The SWOT analysis – Understanding where you are
The first step is understanding where your business stands today. Conduct a thorough SWOT analysis examining your internal strengths and weaknesses alongside external opportunities and threats. What are your core capabilities and resources? What pain points or bottlenecks impede performance?
Understanding these is key to helping you plot your route to success, so involve your team in this analysis – different points of view will add depth to your findings.
Analysing your competitors – How are they doing?
Perform a competitor analysis too. Study their offerings, positioning, and strategies. Identify their strengths to defend against and weaknesses to capitalise on. Look for gaps in the market and underserved segments. These insights allow you to carve out a unique positioning.
And don’t forget to include those “left field” competitors that could emerge with changes to the market and technology – think about how taxis have been impacted by Uber and apply those lessons to your business. Where could your next competitors come from?
Your three-year strategic plan – The central pillar
With clarity on your current position, craft a three-year strategic plan. This timeframe for your strategic plan provides a balance between short-term agility and long-term vision. It allows you to set ambitious yet achievable goals and provides a roadmap for growth and successfully achieving these goals.
Having done the background work and having clarity on who and why you are, where you are, and what your competitors are doing, think about your BHAG – your Big Hairy Audacious Goal.

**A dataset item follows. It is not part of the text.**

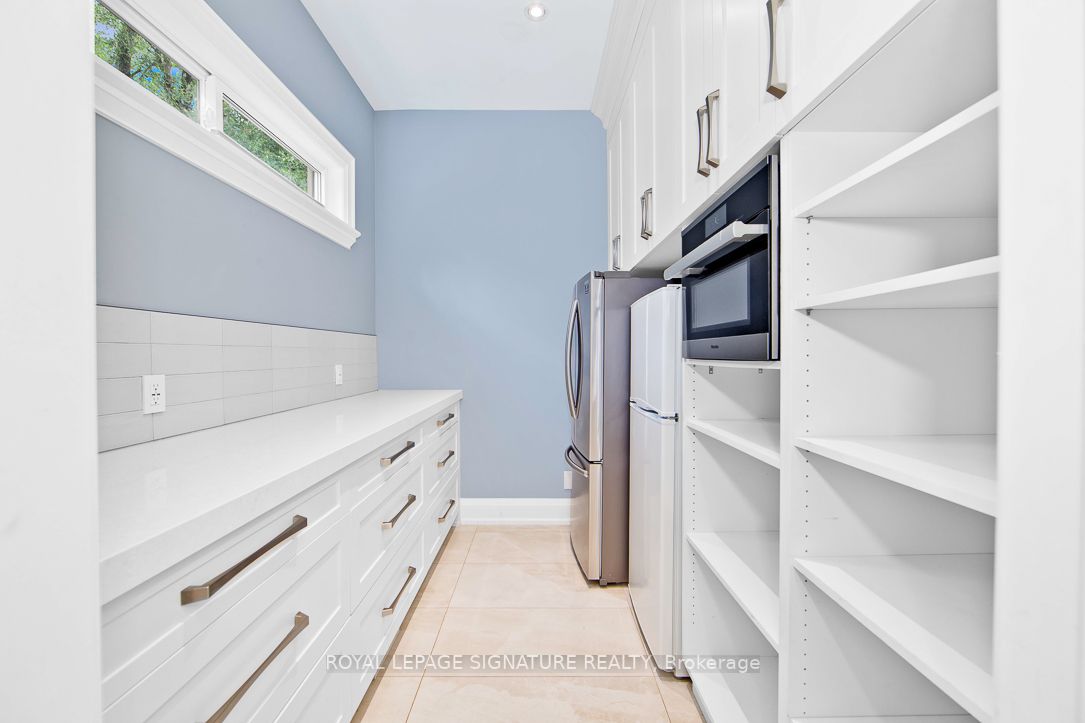 450 Saville Crescent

This is the focus point and rallying call for the next few years that will move you strongly towards your ambitious vision.
Break your BHAG down into more manageable chunks – OMGs, or Overarching Medium-Term Goals – by taking your BHAG and looking at the big annual goals that you’ll need to reach to achieve the BHAG. Think of them as the main way points on the route to your overall goal.

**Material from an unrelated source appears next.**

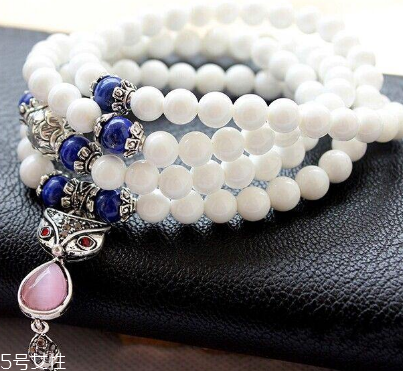 硨磲手鏈戴哪只手 這樣戴才能發(fā)揮功效 硨磲手鏈戴哪只手 這樣戴才能發(fā)揮功效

Then break it down further, setting up a series of OKRs – your Objectives and Key Results. OKRs act as the bridge between your BHAG/OMGs and the practical steps needed to achieve your audacious goal, and are typically for the year ahead, rather than longer term.
The “O” – Objectives – are qualitative, high-level goals that outline what you intend to accomplish. The “KR” portion – Key Results – are the quantitative, measurable metrics that enable you to track your progress toward those objectives.

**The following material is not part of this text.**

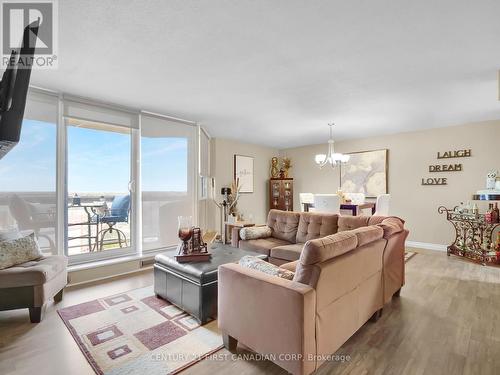 2303 - 323 Colborne Street, London, ON - Indoor Photo Showing Living Room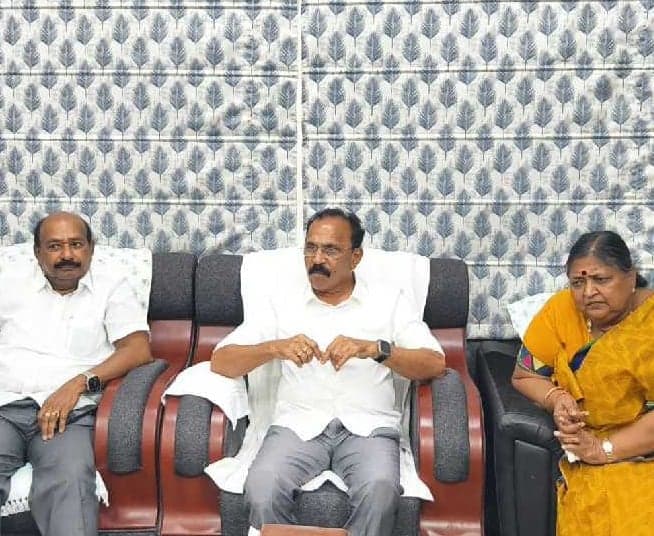 కూటమి విజయానికి ఐక్యంగా శ్రమించాలి: లక్ష్మి - Udayam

Ensure your OKRs are SMART – Specific, Measurable, Achievable, Relevant and Time-bound – setting clear deadlines and metrics for gauging success. Cascade top-level OKRs down through business units and teams. This alignment will ensure everyone understands how their work ladders up to the big-picture vision.
Once you’ve determined your OKRs, translate these into KPIs – Key Performance Indicators. These realtime metrics offer granular visibility into what’s working versus what’s not. Monitor your KPIs frequently to course correct as needed. They provide the pulse of your strategy execution.
Getting everyone aligned – The path to success
A key component of a successful strategic planning process is committed buy-in across the organisation. It’s key to involve your team and the board throughout the process. Your team should be working with you at every step to provide input, different viewpoints and help formulate the strategy and its components from a practical perspective, while you’ll involve your board to ensure your overall goals are aligned with their thinking and that of the shareholders.
Towards the end of November, have a formal strategy review with the board and executive team. Discuss how market trends and competitive forces shaped your choices and look for possible gaps or oversights. By early December you should have the strategy approved.
Once approved, share highlights of the three-year plan and coming year’s OKRs with your staff. Contextualise how their day-to-day work maps back to big-picture goals. Frequent communication maintains ongoing alignment.
By mid-December your OKRs and KPIs should be finalised in tracking systems, ready for rollout in January so employees start the new year focused and informed on delivering against top priorities from day one.
Yet a strategy is only effective if properly executed. Avoid analysis paralysis and commit to decisive action on your plans. Empower teams by providing skills training and resources to achieve their OKRs. Continually monitor KPIs and adapt as needed while maintaining focus on your final goal.
Conclusion
The time for planning is now. Hopefully you already have your SWOT and competitor analysis well under way, if not completed. Define your BHAG and hold leadership and board meetings to align around your three-year strategy. During the next month ensure your OKRs and KPIs are defined for the year ahead and set up the appropriate leadership and board meetings to discuss and agree these. Rally your staff around the vision before year-end. The future success of your business depends on the strategic choices you make today. With a focused game plan and commitment to execution, you will be positioned to thrive in the year ahead.